Per molti anni, fino alla fine dei 78 giri, mantenne la sua presenza nei cataloghi VICTOR e
La Voce del Padrone  un disco molto considerato. Si trattava della prima parte dell’aria  (È strano-Ah! fors’è lui) cantato da Lucrezia BORI. Non era accoppiato con la seconda parte dell’aria, bensì, per una di quelle bizzarre idee che coglievano spesso i direttori artistici delle case discografiche, con “Ritorna vincitor!” dall’Aida, cantato da Rosa Ponselle. Pregevole esecuzione, senza dubbio, (anche se tagliata, un'altra abitudine del tempo), ma poco in carattere con l’aria della Traviata.
Per molto tempo si credette che la Bori non aesse mai inciso la seconda parte, poi, inaspettatamente, verso la fine degli anni ’40, la Victor trasse dal suo archivio “Follie, follie e Sempre libera” (una sola strofa). All’entusiasmo iniziale subentrò la delusione più grande. Si capiva perché, all’epoca, “Sempre libera” fosse rimasto umpublished. L’esecuzione è affrettata, le agilità molto, molto approssimative, insomma un unanime giudizio negativo per quella che pure, e a ragione, era considerata un’artista fine e delicata.

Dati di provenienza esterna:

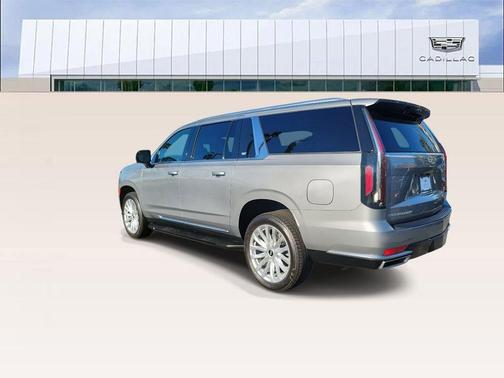 2024 Cadillac Escalade ESV Luxury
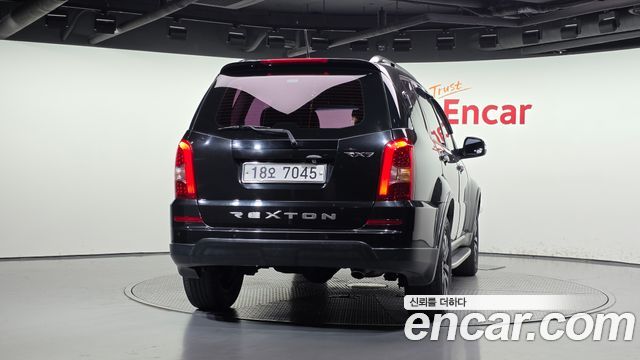 Ssangyong Rexton из Кореи Encar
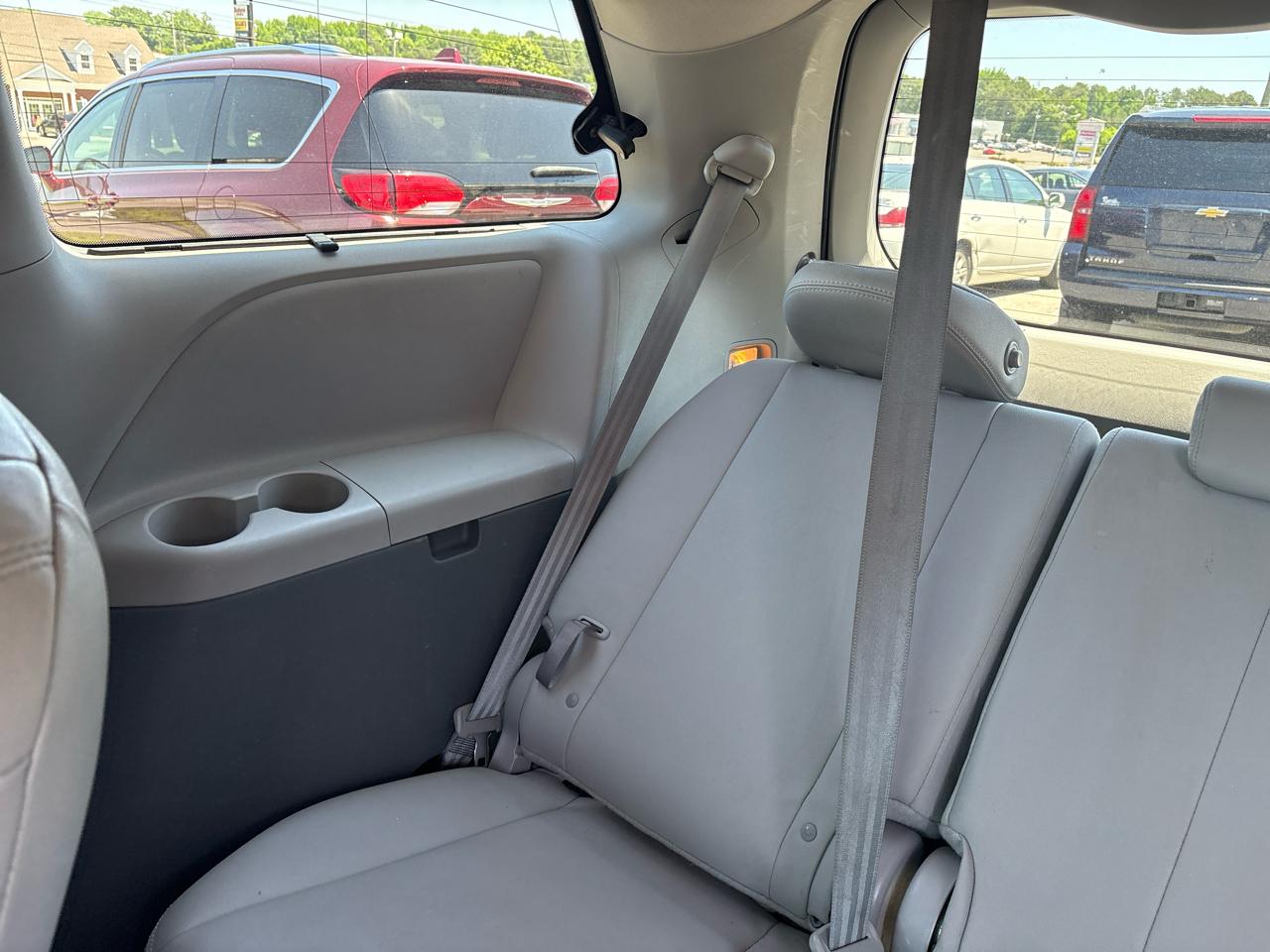 Toyota Sienna Limited AWD 7-Passenger V6 2015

L’incisione delle due parti era elettrica, per cui il nome della Bori non troverebbe spazio in questa rassegna se… se la casa MARSTON non avesse riportato alla luce l’aria (quasi) completa (una sola strofa di Sempre libera”) cantata dalla Bori per i dischi EDISON. E qui le cose cambiano. La prima parte è, come per quella elettrica,cantata con molta semplicità e naturalezza, senza cadenze aggiuntive, si riela  una eccellente esecuzione. La seconda parte, accurata in ogni particolare, si svolge senza particolari problemi, dandoci, finalmente! un’esecuzione degna del nome della cantante. Le agilità finali non sono fedeli al testo, ma in quanto a questo, come abbiamo già visto, la Bori è in buona compagnia.
 
La mia rassegna, per il momento termina qui. Abbiamo esaminato quest’aria in italiano, in tedesco, in russo e in francese.  Se avrò destato il vostro interesse potremo continuare , con la rassegna di incisioni che, dal 1925-26, si gioveranno della registrazione elettrica. Dall’elenco sopra descritto manca, con mio rammarico, il soprano Selma Kurz, ma di lei ho potuto trovare, per il momento, soltanto la prima parte. Dato che per due volte incise “Sempre libera”, non dispero di trovarla e, in caso affermativo, la includerò in un’altra puntata.